WORK INSTRUCTION - Read through the records. Copy each line that has the word "Small".

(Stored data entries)

::::::::::

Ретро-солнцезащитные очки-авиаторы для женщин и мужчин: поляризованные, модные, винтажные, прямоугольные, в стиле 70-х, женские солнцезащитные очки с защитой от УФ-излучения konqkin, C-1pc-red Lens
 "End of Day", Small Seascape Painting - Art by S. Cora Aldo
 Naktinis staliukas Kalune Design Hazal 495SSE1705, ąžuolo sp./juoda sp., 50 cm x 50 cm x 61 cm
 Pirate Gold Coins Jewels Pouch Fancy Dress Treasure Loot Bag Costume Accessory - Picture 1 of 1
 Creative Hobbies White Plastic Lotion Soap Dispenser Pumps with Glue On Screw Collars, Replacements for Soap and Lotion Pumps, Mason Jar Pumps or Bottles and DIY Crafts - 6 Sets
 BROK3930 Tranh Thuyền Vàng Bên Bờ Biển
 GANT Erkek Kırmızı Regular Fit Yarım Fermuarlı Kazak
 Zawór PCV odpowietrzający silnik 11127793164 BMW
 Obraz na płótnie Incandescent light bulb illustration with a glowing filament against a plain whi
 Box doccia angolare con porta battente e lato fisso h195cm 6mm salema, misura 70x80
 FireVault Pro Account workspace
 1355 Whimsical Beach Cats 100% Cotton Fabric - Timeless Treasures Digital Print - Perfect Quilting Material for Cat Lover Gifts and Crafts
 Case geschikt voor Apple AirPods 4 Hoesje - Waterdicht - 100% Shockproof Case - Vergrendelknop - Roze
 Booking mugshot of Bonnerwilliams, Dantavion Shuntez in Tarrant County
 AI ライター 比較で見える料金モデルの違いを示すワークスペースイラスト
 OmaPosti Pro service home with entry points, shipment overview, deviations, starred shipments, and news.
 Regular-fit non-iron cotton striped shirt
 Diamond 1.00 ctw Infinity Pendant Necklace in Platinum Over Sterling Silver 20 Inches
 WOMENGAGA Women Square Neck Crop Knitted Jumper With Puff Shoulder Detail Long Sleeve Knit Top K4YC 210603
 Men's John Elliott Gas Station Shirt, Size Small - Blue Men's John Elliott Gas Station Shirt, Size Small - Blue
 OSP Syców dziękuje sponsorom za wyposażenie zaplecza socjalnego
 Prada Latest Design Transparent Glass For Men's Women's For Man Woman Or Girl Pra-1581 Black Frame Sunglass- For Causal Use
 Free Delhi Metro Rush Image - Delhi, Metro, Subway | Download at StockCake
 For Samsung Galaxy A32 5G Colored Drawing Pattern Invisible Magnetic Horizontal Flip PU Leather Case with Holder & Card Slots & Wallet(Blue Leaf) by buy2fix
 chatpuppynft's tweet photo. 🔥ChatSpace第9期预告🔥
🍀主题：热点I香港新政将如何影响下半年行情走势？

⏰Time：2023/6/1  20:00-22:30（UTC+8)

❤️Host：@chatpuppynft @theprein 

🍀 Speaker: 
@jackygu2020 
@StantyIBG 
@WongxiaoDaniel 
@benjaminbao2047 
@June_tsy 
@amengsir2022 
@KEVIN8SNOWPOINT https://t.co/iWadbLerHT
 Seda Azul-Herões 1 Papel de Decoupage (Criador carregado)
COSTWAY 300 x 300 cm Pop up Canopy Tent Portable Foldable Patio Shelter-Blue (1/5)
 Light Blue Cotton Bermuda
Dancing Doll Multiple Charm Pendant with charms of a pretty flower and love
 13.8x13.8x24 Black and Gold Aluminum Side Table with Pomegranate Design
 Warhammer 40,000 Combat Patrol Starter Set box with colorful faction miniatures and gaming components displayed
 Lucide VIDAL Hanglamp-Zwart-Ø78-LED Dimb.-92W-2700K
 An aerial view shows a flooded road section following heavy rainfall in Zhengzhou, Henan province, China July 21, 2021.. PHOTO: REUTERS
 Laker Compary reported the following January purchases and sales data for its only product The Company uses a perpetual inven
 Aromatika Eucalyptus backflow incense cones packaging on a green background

::::::::::

SOLVED PROBLEM -
 "End of Day", Small Seascape Painting - Art by S. Cora Aldo
 Men's John Elliott Gas Station Shirt, Size Small - Blue Men's John Elliott Gas Station Shirt, Size Small - Blue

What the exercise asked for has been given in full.